Publié le 24 février 2026
Écrit par Jeanne Villeneuve

J’entends encore parfois des personnes dire «  à quoi bon la quête d’un Dieu ? »
L’Eglise même nous met en garde contre toute forme de pélagianisme : l’homme tourmenté ne pouvant assurer son salut par ses propres mérites.
Le résultat est alors là : une absence de plus en plus sensible d’un monde qui ne connaît plus les codes de l’iconographie chrétienne.
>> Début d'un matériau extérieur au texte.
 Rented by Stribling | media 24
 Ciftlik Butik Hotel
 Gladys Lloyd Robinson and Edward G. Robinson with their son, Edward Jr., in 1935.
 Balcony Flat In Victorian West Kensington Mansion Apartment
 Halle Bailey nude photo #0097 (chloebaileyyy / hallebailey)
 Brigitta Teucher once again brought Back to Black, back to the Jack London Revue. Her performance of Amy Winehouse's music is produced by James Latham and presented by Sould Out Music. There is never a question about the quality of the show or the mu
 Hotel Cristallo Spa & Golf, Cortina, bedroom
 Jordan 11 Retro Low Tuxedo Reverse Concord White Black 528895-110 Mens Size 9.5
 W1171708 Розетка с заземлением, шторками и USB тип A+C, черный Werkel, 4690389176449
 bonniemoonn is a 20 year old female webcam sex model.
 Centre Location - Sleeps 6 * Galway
Tous confrontés que nous sommes à une inquiétude grandissante face aux violences sans précédent que nous traversons ; face aussi aux endurances nécessaires pour ne pas subir, tout en nous accommodant.
Nous persistons parfois mollement sans réellement nous aguerrir dans cette constellation de difficultés.

A Narthex même, nous constatons aussi, que cette inquiétude est toujours présente.
Mais nous avons transformé la disparition progressive de cette méconnaissance de l’histoire de l’art religieux en un besoin d’être présent autrement ; en créant des espaces où la musique, la poésie, l’art sacré puisse encore être tenus par nos contributeurs.
Dire simplement sans enfermer dans des idées bornées, avec des mots accessibles à tous, au vulgus pecus.

C’est dans cet état d’esprit que nous avons choisis de publier l’article rédigé par Françoise Paviot sur l’ouverture d’un nouveau lieu jouxtant la basilique Saint Pierre dédié à l’art contemporain, à Rome. Sans asséner le lecteur, une artiste peintre : Monique-Ariello Laugier parle d’une annonciation. Comme au temps de pharisiens, comme au temps de Jésus, les prêtres aujourd’hui portent des chasubles avec un précepte bien ancré celui d’un décor non ostentatoire mais impeccable. L’article de Sylvie Bethmont sur les vêtements liturgiques de Jean-Charles de Castelbajac en fait écho. Et enfin, Paul-Louis Rinuy évoque l’artiste exposée au Musée Bourdelle : Magdalena Abakanowicz. C’est une grande sculptrice polonaise pionnière dans l’art textile et la sculpture contemporaine qui a choisi pour sous-titre de son exposition en cours : « La trame de l’existence » 

Sa création possède une puissance et une présence indéniable en résonnance avec les problématiques contemporaines, environnementales, humanistes, féministes.